__Task instructions__. Will you output all of the data below exactly, omitting the images?

[Short text fragments from websites]
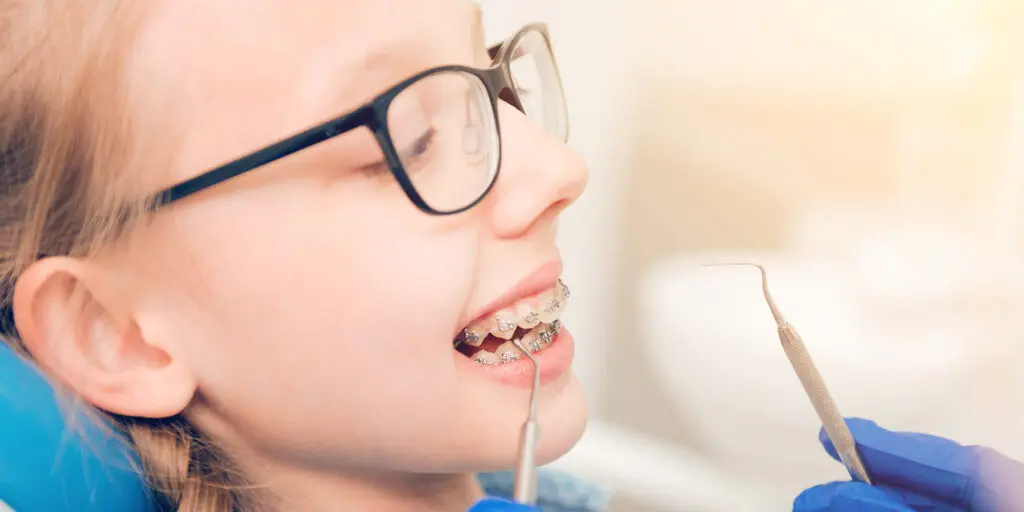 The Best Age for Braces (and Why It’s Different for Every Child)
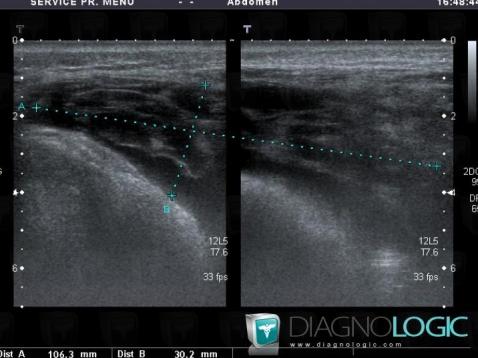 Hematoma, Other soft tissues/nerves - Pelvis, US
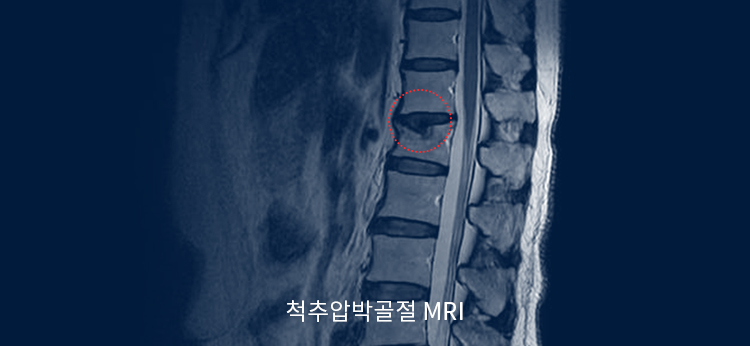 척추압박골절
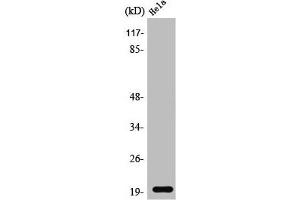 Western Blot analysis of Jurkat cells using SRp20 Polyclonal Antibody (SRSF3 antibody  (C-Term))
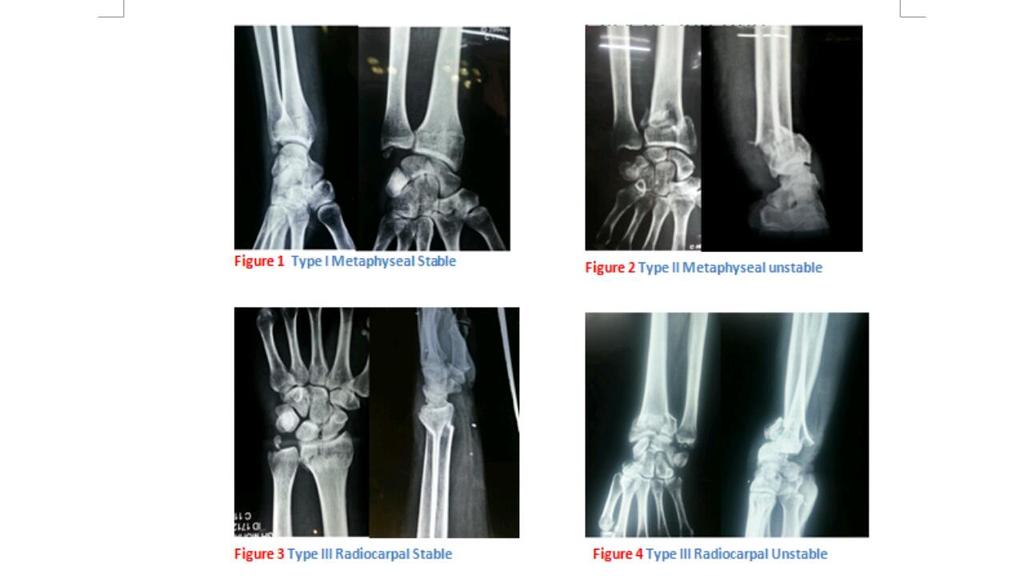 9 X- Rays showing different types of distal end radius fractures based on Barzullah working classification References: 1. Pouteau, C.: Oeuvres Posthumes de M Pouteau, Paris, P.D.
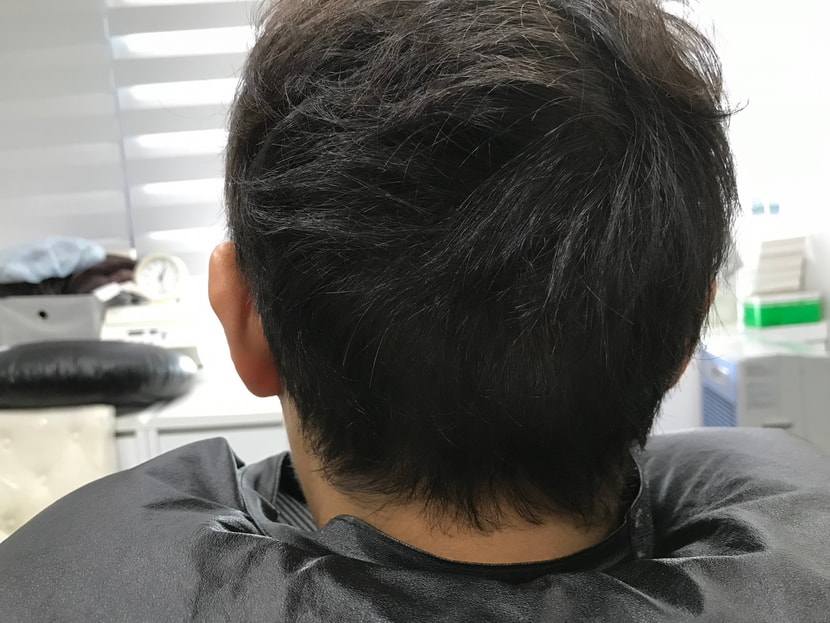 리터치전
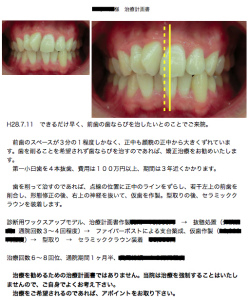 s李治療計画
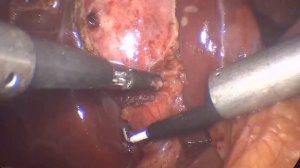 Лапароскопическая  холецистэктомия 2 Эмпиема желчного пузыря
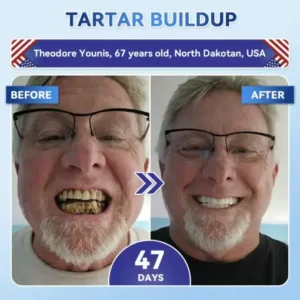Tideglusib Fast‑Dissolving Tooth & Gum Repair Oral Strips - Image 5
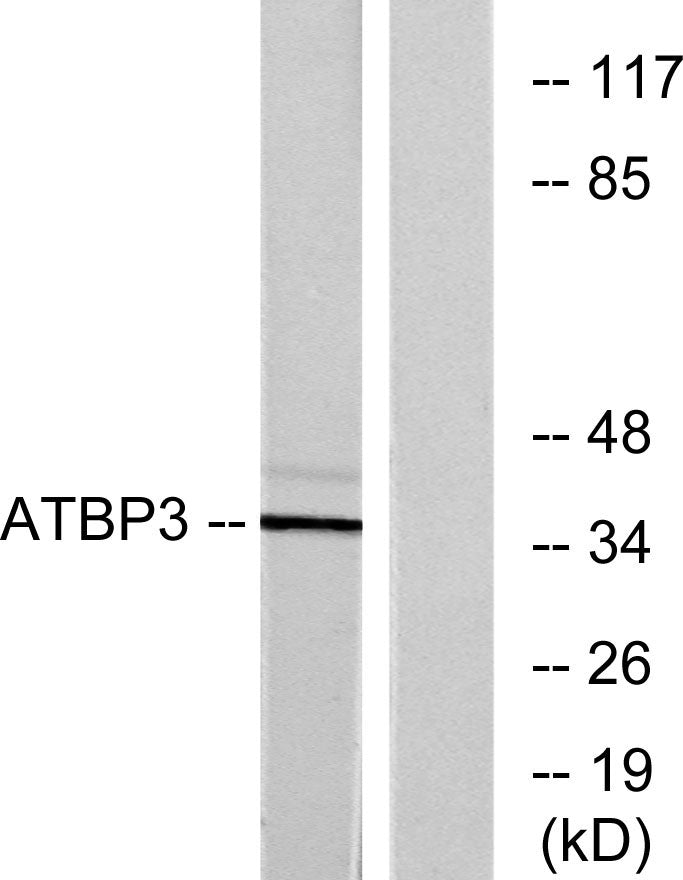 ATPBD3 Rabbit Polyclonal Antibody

__Exercise answer__.
 The Best Age for Braces (and Why It’s Different for Every Child)
 Hematoma, Other soft tissues/nerves - Pelvis, US
 척추압박골절
 Western Blot analysis of Jurkat cells using SRp20 Polyclonal Antibody (SRSF3 antibody  (C-Term))
 9 X- Rays showing different types of distal end radius fractures based on Barzullah working classification References: 1. Pouteau, C.: Oeuvres Posthumes de M Pouteau, Paris, P.D.
 리터치전
 s李治療計画
 Лапароскопическая  холецистэктомия 2 Эмпиема желчного пузыря
Tideglusib Fast‑Dissolving Tooth & Gum Repair Oral Strips - Image 5
 ATPBD3 Rabbit Polyclonal Antibody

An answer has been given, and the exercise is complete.